Wer die Arbeit nicht selbst macht, formuliert Aufgaben, die nach der Arbeit aussehen. Der Unterschied fällt Fachleuten sofort auf und Laien nie. Fragen Sie nach Qualifikation und Berufsjahren der Autorinnen und Autoren, nicht nach der Zahl der Aufgaben.
2. Gibt es genau eine richtige Lösung?
Aufgaben mit mehreren vertretbaren Ergebnissen sind für eine Evaluation unbrauchbar. Sie messen dann nicht mehr, ob ein System richtig liegt, sondern ob es zufällig dieselbe vertretbare Auffassung gewählt hat wie der Autor. Schwankt jemand zwischen zwei Ergebnissen, muss der Sachverhalt geändert werden, nicht die Bewertung aufgeweicht.
3. Sind die Kriterien Pass/Fail oder Punkte?
Punkteskalen von eins bis fünf klingen genauer und sind es nicht. Sie verlagern die Entscheidung in das Ermessen des Prüfers und machen zwei Bewertungen unvergleichbar. Ein Kriterium sollte mit Ja oder Nein zu beantworten sein — sonst misst man den Prüfer mit.
4. Sind nicht alle Fehler gleich schwer — und bildet die Bewertung das ab?

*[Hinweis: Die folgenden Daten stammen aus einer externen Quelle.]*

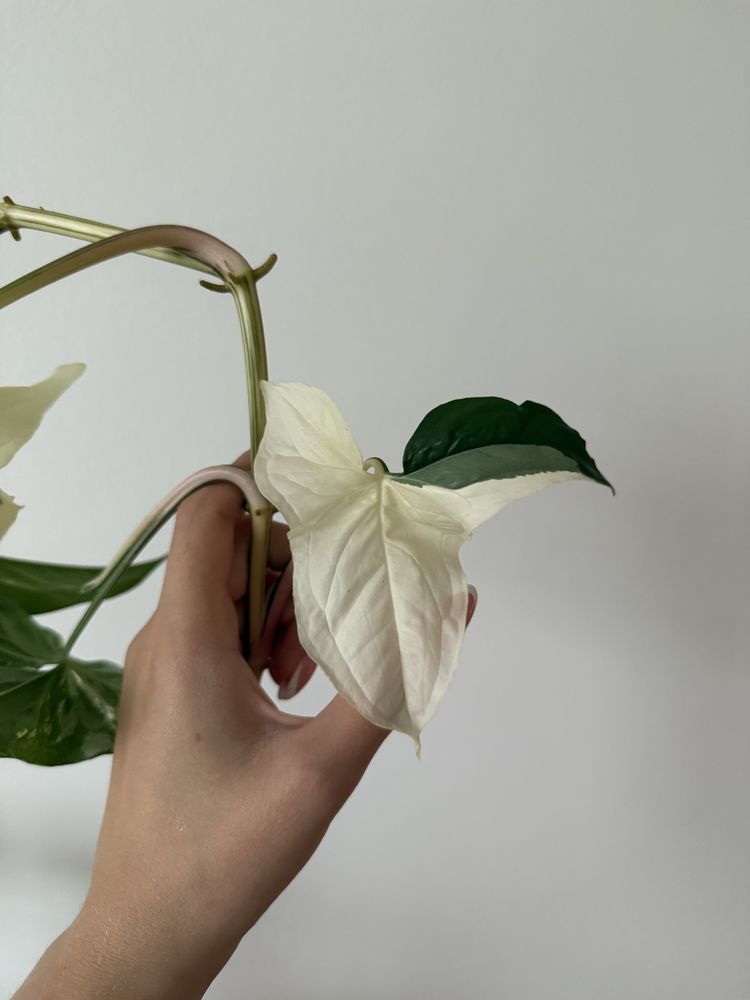 Syngonium emerald gem variegata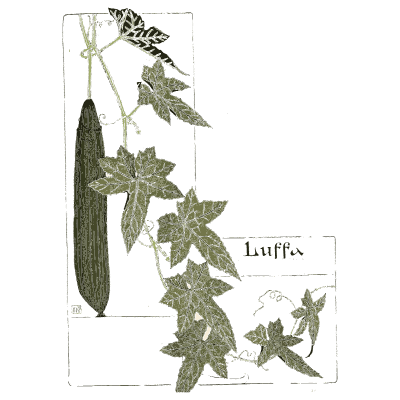 Luffa vine - Étude de la Plante - 1903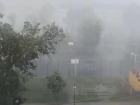 Мощный тропический ливень обрушился на Воронеж
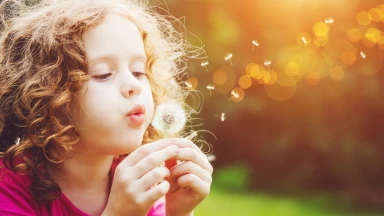 En l'honneur de Tou Bichvat, une idée florale !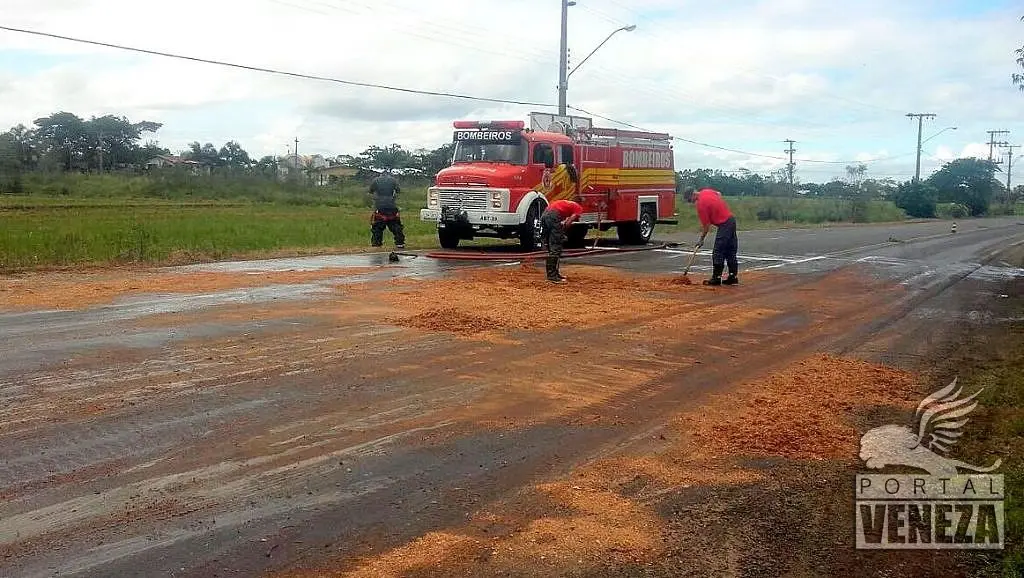 Resíduo de frigorífico de frangos provoca acidentes na SC-443 em São Bento Baixo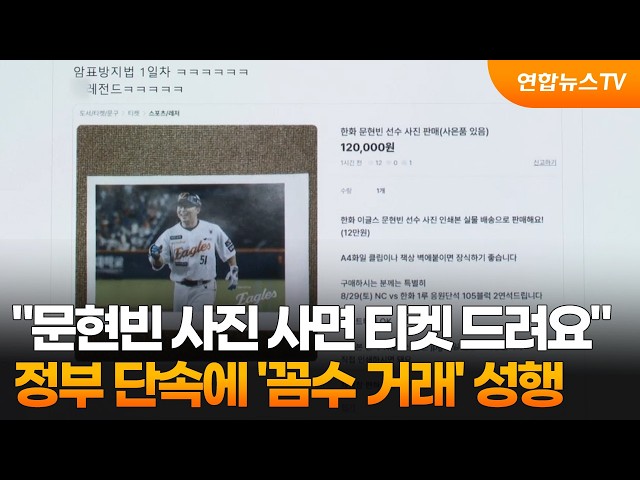 "문현빈 사진 사면 야구 티켓 드려요"…정부 단속에 '꼼수 거래' 성행 / 연합뉴스TV (YonhapnewsTV)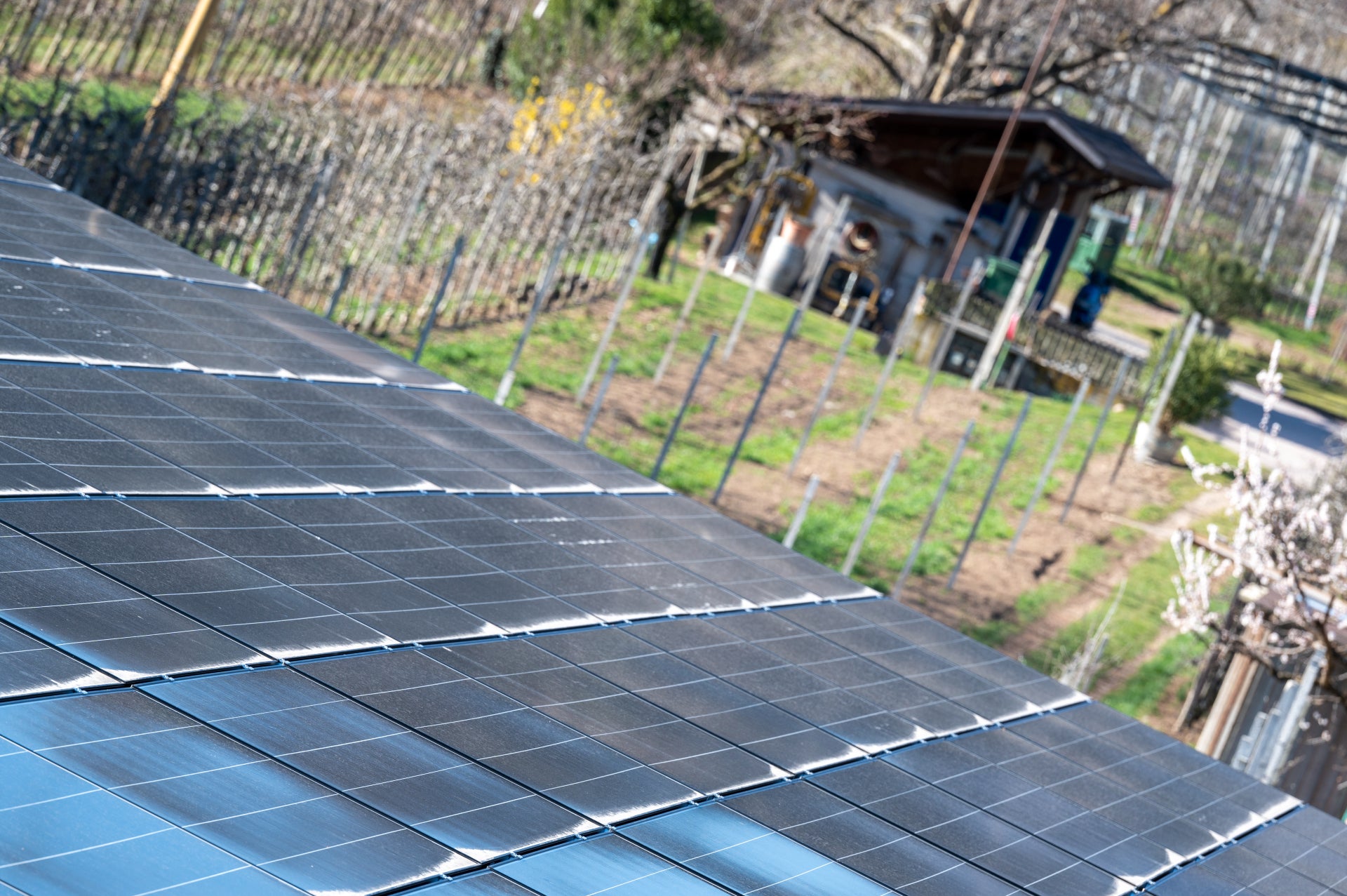 Der 6. Euregio-Innnovationspreis stellt das Thema Energiewende und Versorgungssicherheit in den Mittelpunkt: Bewerbungen sind bis 7. Juni möglich. (Foto: LPA/Manuela Tessaro)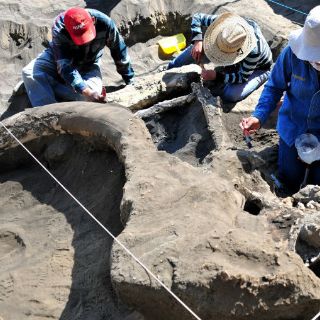 Los mamuts se extinguieron por problemas metabólicos: estudio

Eine fehlende Fundstelle ist ärgerlich. Ein falscher Steuerschuldner macht das Ergebnis wertlos. Wenn beides gleich zählt und im Mittelwert verschwindet, sagt der Wert am Ende nichts über die Verwendbarkeit. Fragen Sie, ob es einen Begriff für kritische Kriterien gibt und wie viele davon je Aufgabe vorgesehen sind.
5. Steht ein Datum an der Aufgabe?
Fachwissen altert. Ohne festgehaltenen Rechtsstand oder Ausgabestand lässt sich später nicht mehr unterscheiden, ob ein System falsch lag oder die Aufgabe veraltet ist. Beides sieht in der Auswertung identisch aus.

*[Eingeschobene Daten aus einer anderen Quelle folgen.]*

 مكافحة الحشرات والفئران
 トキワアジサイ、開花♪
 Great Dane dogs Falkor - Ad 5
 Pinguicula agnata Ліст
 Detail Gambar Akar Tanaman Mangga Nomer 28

6. Können Sie ein einzelnes Ergebnis nachvollziehen?
Eine Gesamtzahl ohne Einzelbewertungen ist eine Behauptung. Verlangen Sie zu jedem Lauf die vollständige Antwort und die Bewertung jedes Kriteriums mit Begründung. Wenn Sie nicht nachlesen können, warum etwas durchgefallen ist, können Sie auch nichts daran ändern.

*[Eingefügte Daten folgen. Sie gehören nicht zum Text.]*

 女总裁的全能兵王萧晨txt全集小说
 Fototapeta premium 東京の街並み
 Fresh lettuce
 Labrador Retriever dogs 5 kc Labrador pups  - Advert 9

7. Woher stammen die Quellen?
Stützt sich eine Musterlösung auf Kommentarliteratur hinter einer Bezahlschranke, kann niemand außerhalb sie prüfen. Frei zugängliche Fundstellen — Gesetze, Verwaltungsanweisungen, Rechtsprechung, veröffentlichte Normen — machen eine Aufgabe für jeden nachvollziehbar.
8. Hat jemand gegengelesen?
Wer eine Aufgabe schreibt, ist für ihre Fehler blind — das gilt in der Fachwelt wie überall. Ein zweiter Fachmensch, der an der Entstehung nicht beteiligt war, findet zusammengesetzte Kriterien, unklare Formulierungen und stillschweigende Annahmen. Fragen Sie, ob es diesen Schritt gibt und ob er verpflichtend ist.
Der Kürzestest
Wenn Sie nur eine Frage stellen können, stellen Sie diese: Kann mir jemand an einem einzelnen Fall zeigen, an welcher Stelle das Ergebnis gekippt ist und warum?
Wer das beantworten kann, hat eine Messung. Wer stattdessen auf den Gesamtwert zeigt, hat eine Zahl.